Study material ▸
------------------------------------------------------------

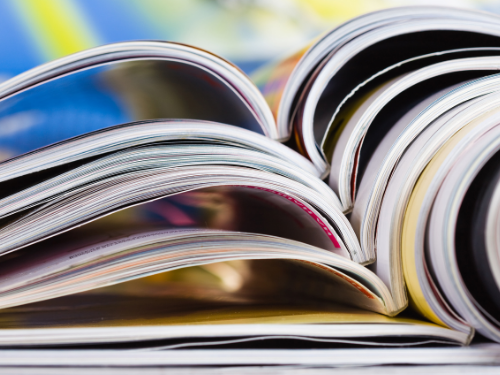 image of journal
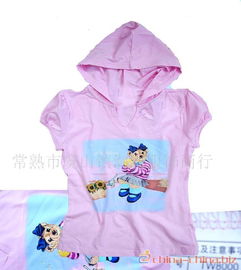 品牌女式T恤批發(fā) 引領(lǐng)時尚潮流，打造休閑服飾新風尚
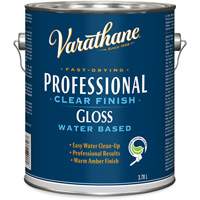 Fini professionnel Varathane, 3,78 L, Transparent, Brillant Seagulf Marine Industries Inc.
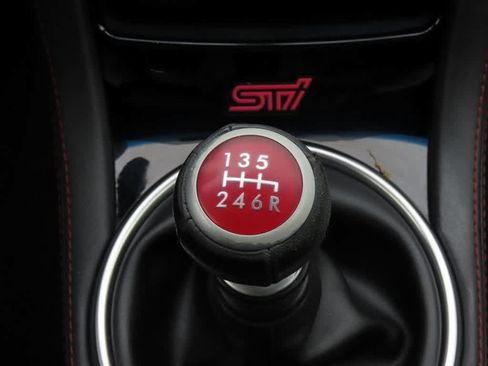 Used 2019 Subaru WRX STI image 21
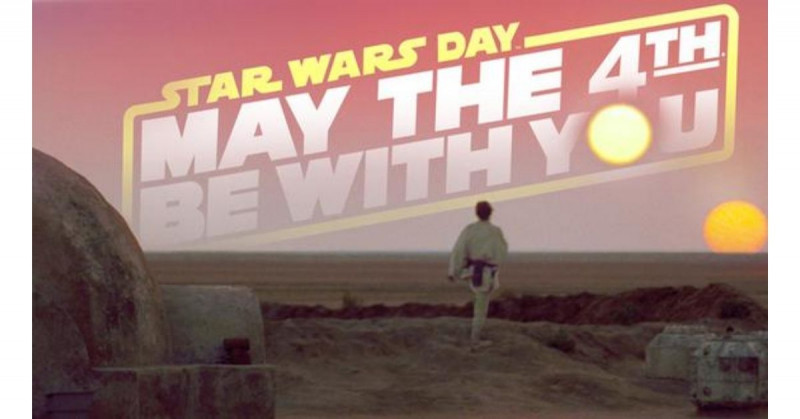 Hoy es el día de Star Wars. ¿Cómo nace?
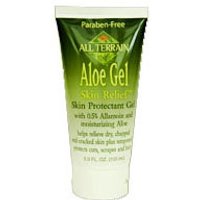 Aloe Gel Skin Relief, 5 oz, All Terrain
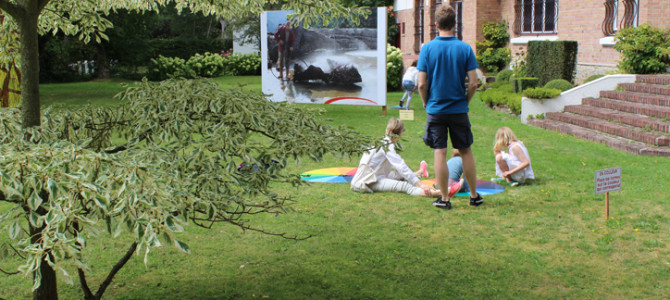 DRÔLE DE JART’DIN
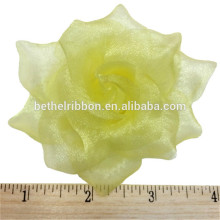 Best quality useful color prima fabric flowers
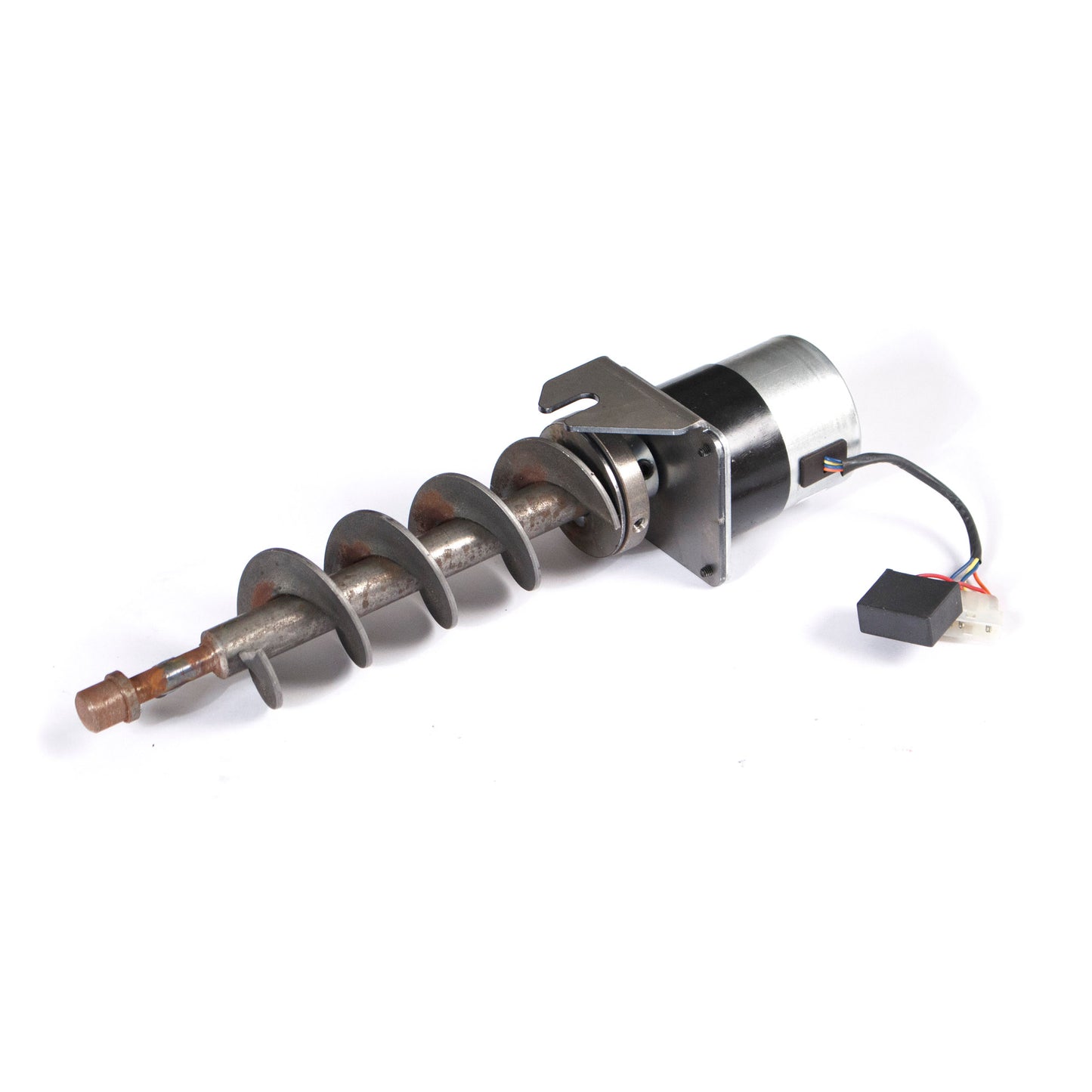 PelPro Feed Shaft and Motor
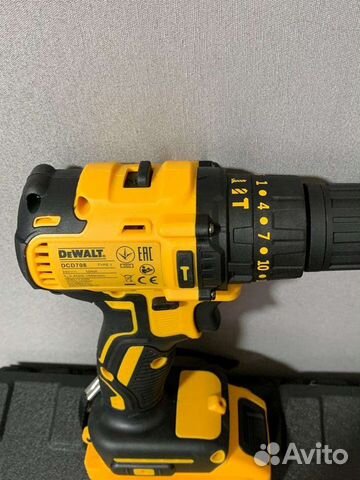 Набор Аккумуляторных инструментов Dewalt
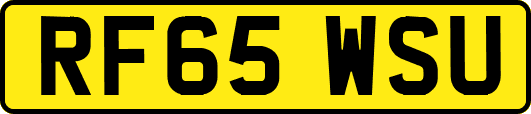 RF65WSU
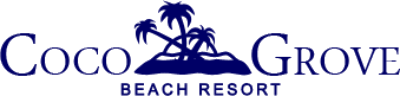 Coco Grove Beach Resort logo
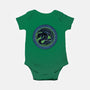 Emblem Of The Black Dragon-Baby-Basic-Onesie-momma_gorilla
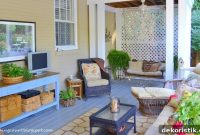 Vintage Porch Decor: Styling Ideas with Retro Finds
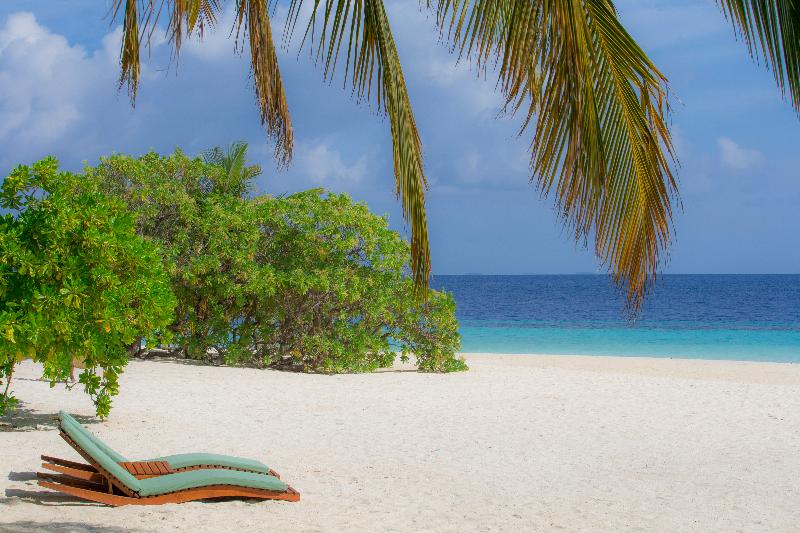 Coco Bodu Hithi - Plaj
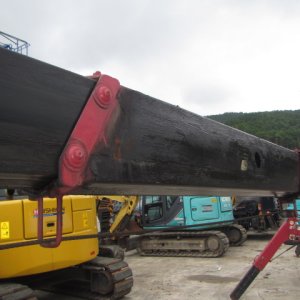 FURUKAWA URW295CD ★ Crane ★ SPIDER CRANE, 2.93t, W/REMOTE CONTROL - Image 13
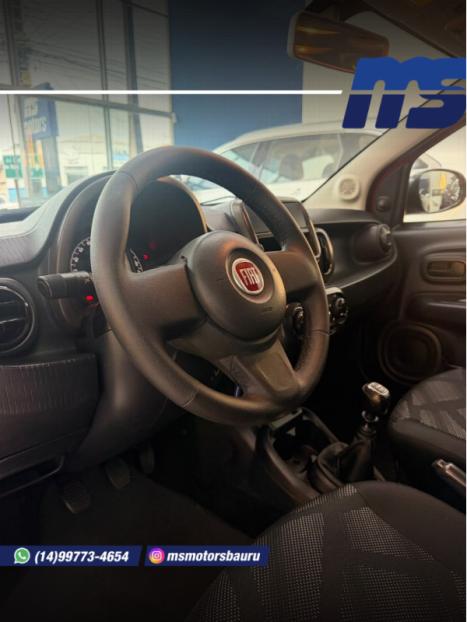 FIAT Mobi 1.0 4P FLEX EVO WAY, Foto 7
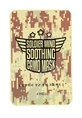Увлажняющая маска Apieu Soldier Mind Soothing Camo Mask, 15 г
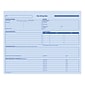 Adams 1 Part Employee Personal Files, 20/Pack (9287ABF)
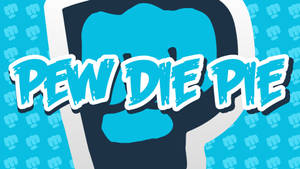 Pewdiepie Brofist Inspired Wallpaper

------------------------------------------------------------

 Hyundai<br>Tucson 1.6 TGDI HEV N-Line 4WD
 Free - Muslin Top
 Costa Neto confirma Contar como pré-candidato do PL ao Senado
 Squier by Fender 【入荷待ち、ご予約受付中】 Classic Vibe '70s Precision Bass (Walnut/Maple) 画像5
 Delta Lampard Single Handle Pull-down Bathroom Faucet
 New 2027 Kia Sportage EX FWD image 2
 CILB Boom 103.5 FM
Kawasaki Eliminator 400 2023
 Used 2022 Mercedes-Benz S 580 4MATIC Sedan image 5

------------------------------------------------------------

Problem description ▸ Look above for the line containing "品牌女式T恤批發(fā) 引領(lǐng)時尚潮流，打造休閑服飾新風尚", then copy exactly from it through the line containing "Coco Grove Beach Resort logo", keeping both and leaving out pictures. Add nothing else.

Response to the task ▸
 品牌女式T恤批發(fā) 引領(lǐng)時尚潮流，打造休閑服飾新風尚
 Fini professionnel Varathane, 3,78 L, Transparent, Brillant Seagulf Marine Industries Inc.
 Used 2019 Subaru WRX STI image 21
 Hoy es el día de Star Wars. ¿Cómo nace?
 Aloe Gel Skin Relief, 5 oz, All Terrain
 DRÔLE DE JART’DIN
 Best quality useful color prima fabric flowers
 PelPro Feed Shaft and Motor
 Набор Аккумуляторных инструментов Dewalt
 RF65WSU
 Coco Grove Beach Resort logo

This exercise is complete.